### What you need to do
Find the line holding "Ami Alexandre Mattiussi" in the entries below. Give it again exactly, along with every line after it up to and including the line holding "Термостатическая настенная душевая".

### Records provided
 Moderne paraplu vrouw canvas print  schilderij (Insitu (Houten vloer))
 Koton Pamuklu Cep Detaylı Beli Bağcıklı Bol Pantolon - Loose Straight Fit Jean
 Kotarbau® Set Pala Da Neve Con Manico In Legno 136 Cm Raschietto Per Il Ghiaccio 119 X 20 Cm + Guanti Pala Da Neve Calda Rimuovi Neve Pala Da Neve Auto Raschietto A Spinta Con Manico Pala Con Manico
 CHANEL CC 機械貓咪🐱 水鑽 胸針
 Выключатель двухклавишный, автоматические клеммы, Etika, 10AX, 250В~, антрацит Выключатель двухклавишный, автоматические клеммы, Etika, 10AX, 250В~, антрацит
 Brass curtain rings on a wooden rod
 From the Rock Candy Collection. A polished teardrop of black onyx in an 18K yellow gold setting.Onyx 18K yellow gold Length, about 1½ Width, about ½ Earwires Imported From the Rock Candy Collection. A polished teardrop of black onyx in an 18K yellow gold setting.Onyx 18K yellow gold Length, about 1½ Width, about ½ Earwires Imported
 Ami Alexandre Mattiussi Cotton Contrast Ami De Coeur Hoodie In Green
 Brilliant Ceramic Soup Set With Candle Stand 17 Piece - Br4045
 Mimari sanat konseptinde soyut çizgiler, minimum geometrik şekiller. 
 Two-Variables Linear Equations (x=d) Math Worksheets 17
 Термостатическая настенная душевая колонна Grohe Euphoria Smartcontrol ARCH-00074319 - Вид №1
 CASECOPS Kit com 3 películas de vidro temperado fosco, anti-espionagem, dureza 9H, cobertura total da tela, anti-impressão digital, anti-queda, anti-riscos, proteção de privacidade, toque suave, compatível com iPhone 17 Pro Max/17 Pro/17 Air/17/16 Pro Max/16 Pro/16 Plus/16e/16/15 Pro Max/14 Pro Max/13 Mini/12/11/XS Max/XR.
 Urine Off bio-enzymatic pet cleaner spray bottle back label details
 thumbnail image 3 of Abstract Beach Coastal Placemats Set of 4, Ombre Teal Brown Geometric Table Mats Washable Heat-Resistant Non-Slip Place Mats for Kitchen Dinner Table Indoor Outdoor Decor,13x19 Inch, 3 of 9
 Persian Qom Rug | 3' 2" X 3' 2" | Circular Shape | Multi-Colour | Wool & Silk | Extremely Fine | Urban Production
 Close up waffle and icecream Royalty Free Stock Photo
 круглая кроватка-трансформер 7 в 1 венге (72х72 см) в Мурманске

### Answer to the exercise
 Ami Alexandre Mattiussi Cotton Contrast Ami De Coeur Hoodie In Green
 Brilliant Ceramic Soup Set With Candle Stand 17 Piece - Br4045
 Mimari sanat konseptinde soyut çizgiler, minimum geometrik şekiller. 
 Two-Variables Linear Equations (x=d) Math Worksheets 17
 Термостатическая настенная душевая колонна Grohe Euphoria Smartcontrol ARCH-00074319 - Вид №1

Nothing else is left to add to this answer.